Material provided below:

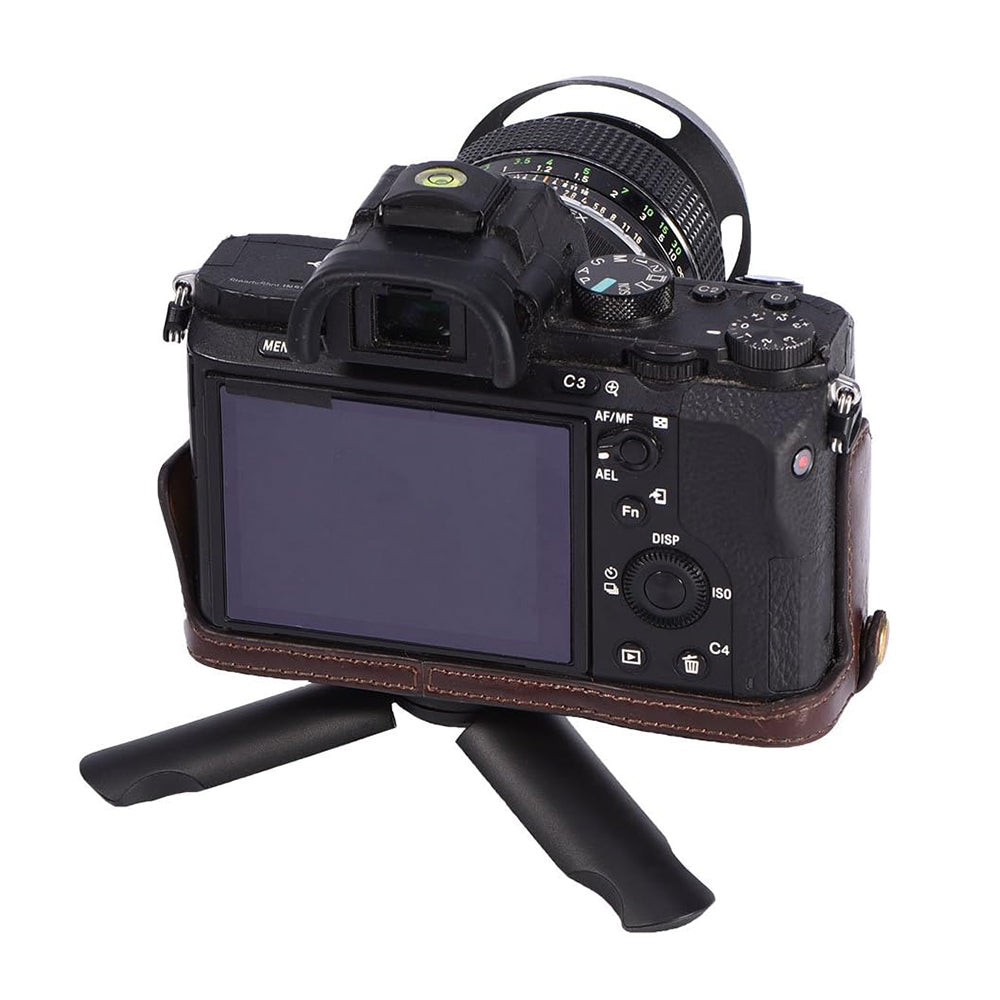 Τρίποδο 1/4inch Techsuit TPD1, Μαύρο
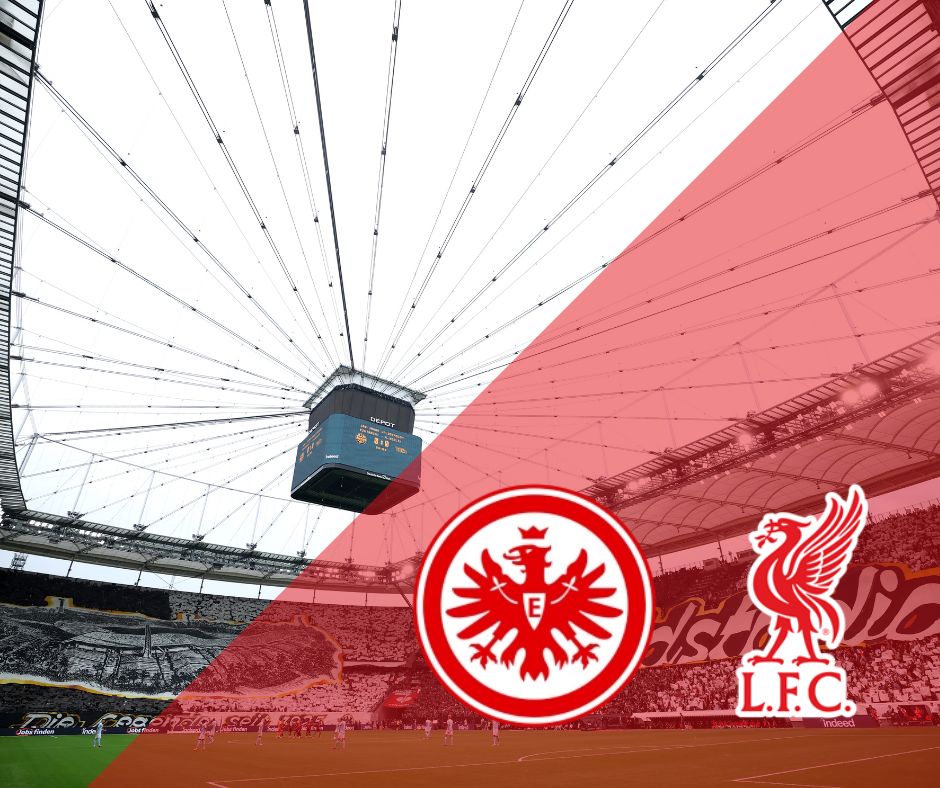 Arne Slot has named his Liverpool starting XI to take on Eintracht Frankfurt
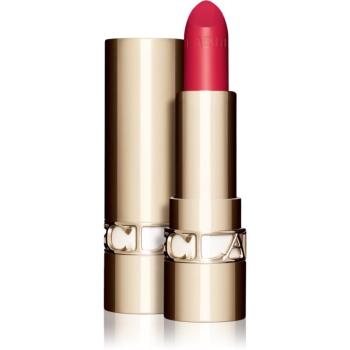 Clarins Joli Rouge krémový rúž so saténovým finišom odtieň 723 3.5 g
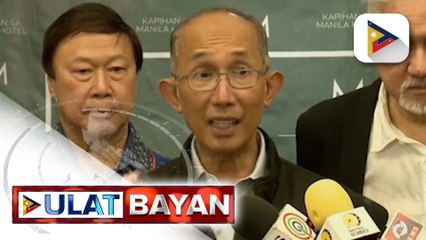 Baguio City Mayor Magalong, handang isiwalat ang organized scheme na umiiral sa maanomalyang flood control projects | ulat ni Denisse Osorio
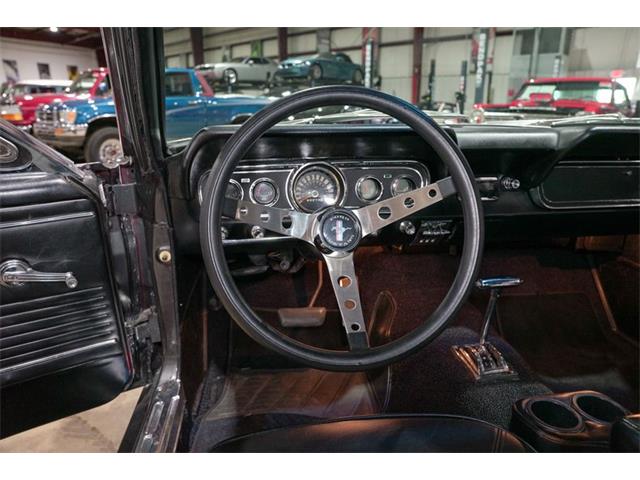 1966 Ford Mustang (CC-2093986) for sale in Kentwood, Michigan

End of Material provided.

> **Requirement**
Where a picture appears in the listing above, skip it and set down all the rest exactly.

> **Written solution**
 Τρίποδο 1/4inch Techsuit TPD1, Μαύρο
 Arne Slot has named his Liverpool starting XI to take on Eintracht Frankfurt
 Clarins Joli Rouge krémový rúž so saténovým finišom odtieň 723 3.5 g
 Baguio City Mayor Magalong, handang isiwalat ang organized scheme na umiiral sa maanomalyang flood control projects | ulat ni Denisse Osorio
 1966 Ford Mustang (CC-2093986) for sale in Kentwood, Michigan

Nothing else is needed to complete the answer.